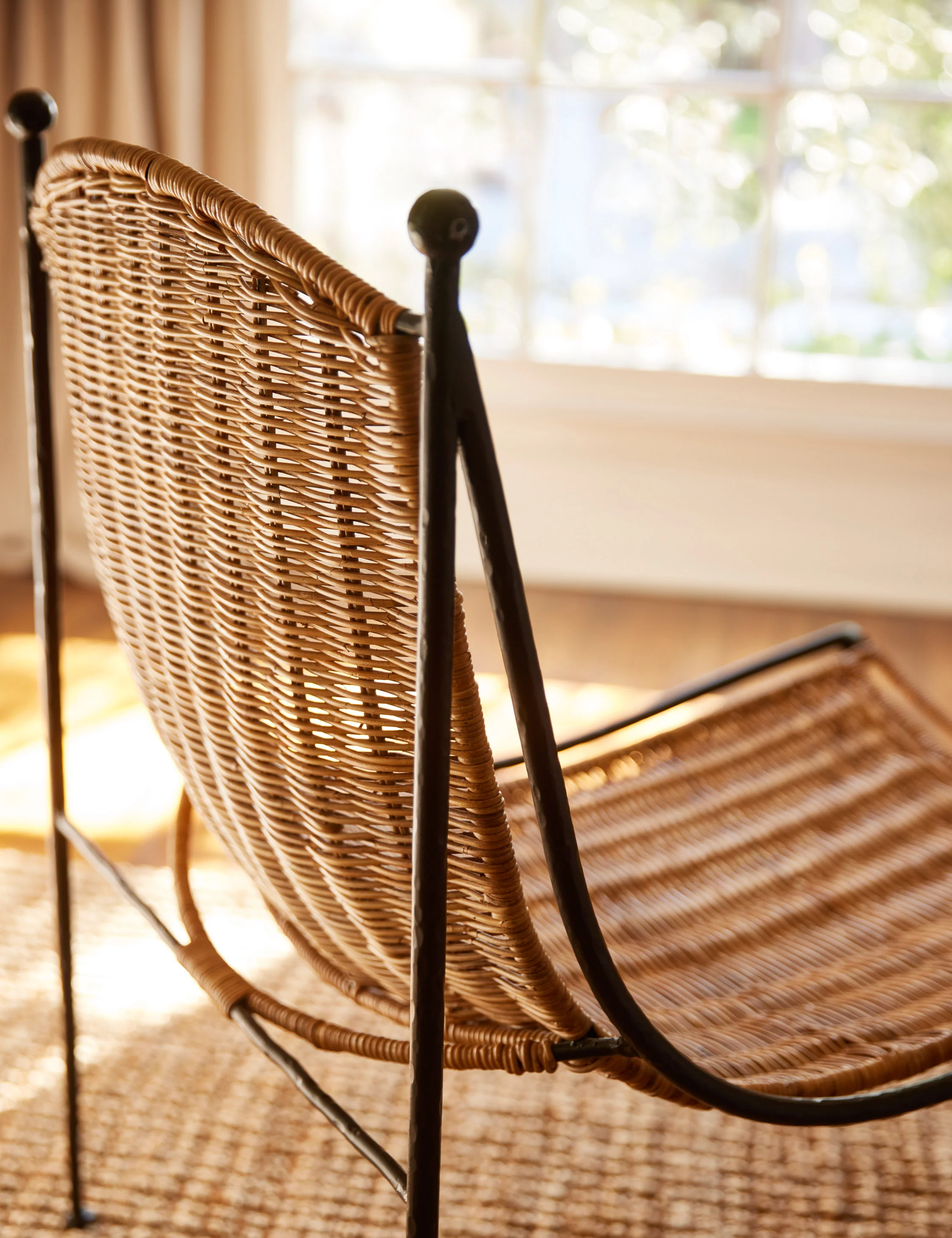 Bonnet Indoor / Outdoor Accent Chair - Image 5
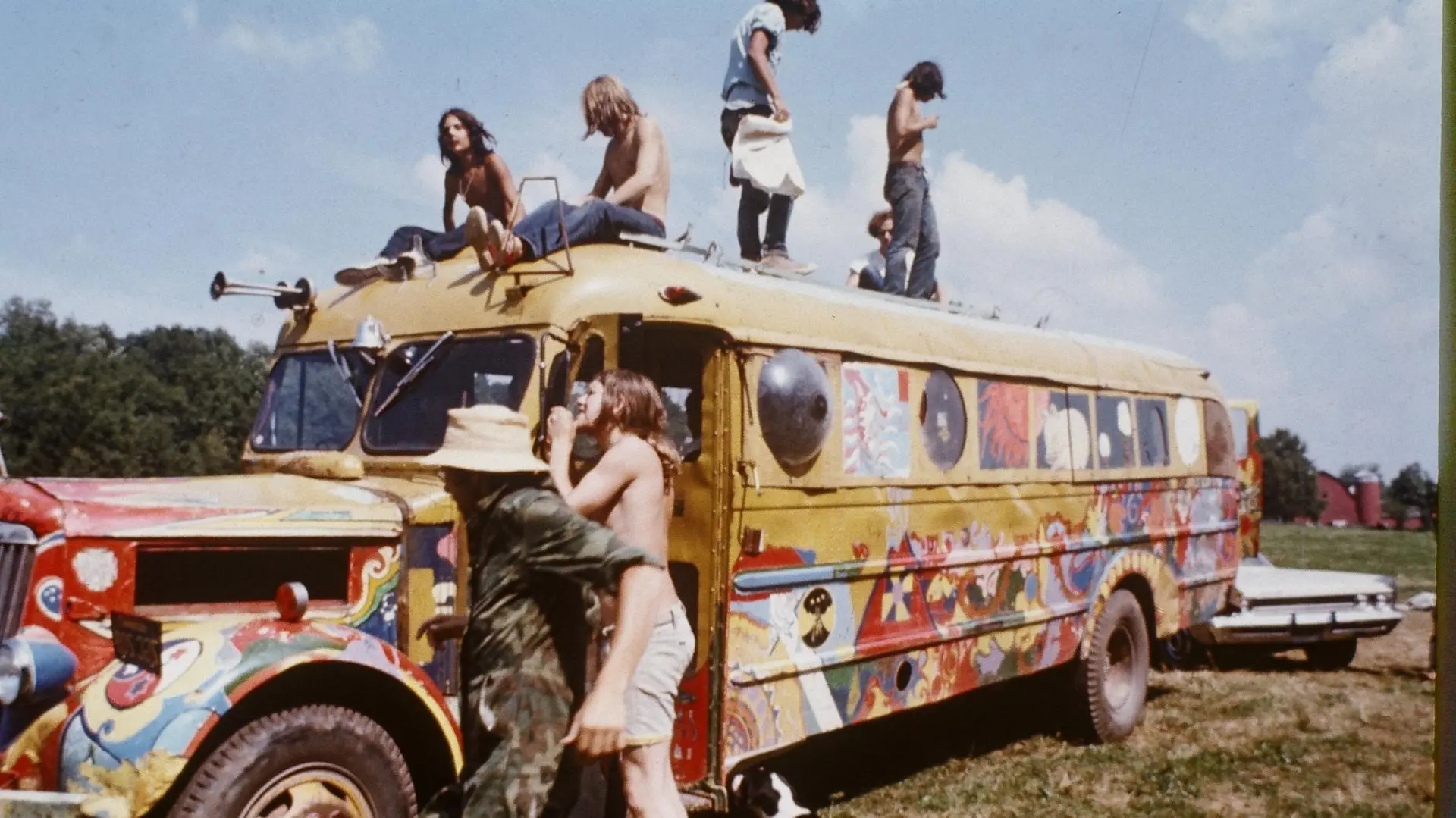 Woodstock: 3 Dias de Paz, Amor, e Música_peliplat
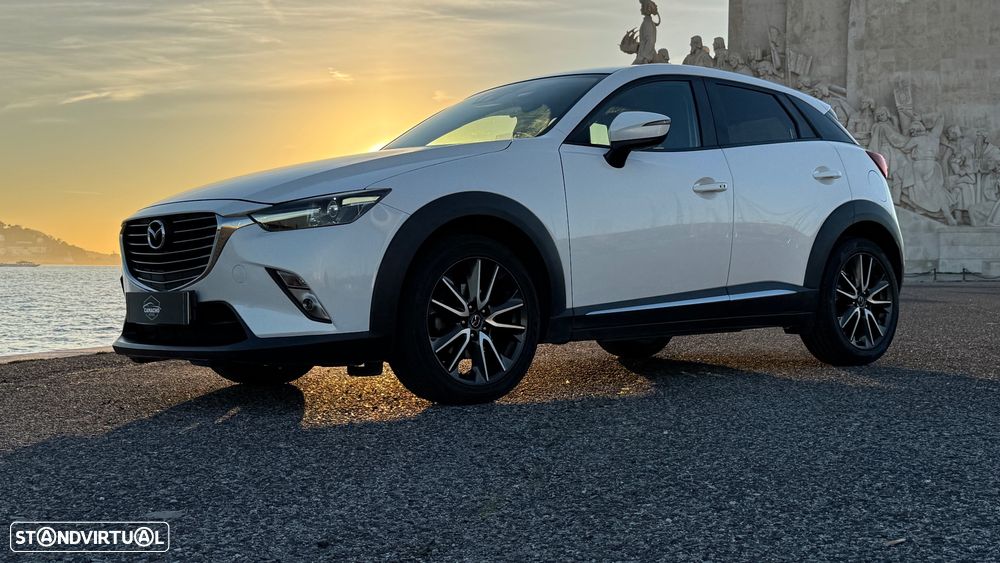 Mazda CX-3 1.5 Sky.Excellence - 1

****************

**EXERCISE DESCRIPTION**
Excluding pictures, reproduce the listing above exactly as it stands.

**ANSWER AREA**
 Bonnet Indoor / Outdoor Accent Chair - Image 5
 Woodstock: 3 Dias de Paz, Amor, e Música_peliplat
 Mazda CX-3 1.5 Sky.Excellence - 1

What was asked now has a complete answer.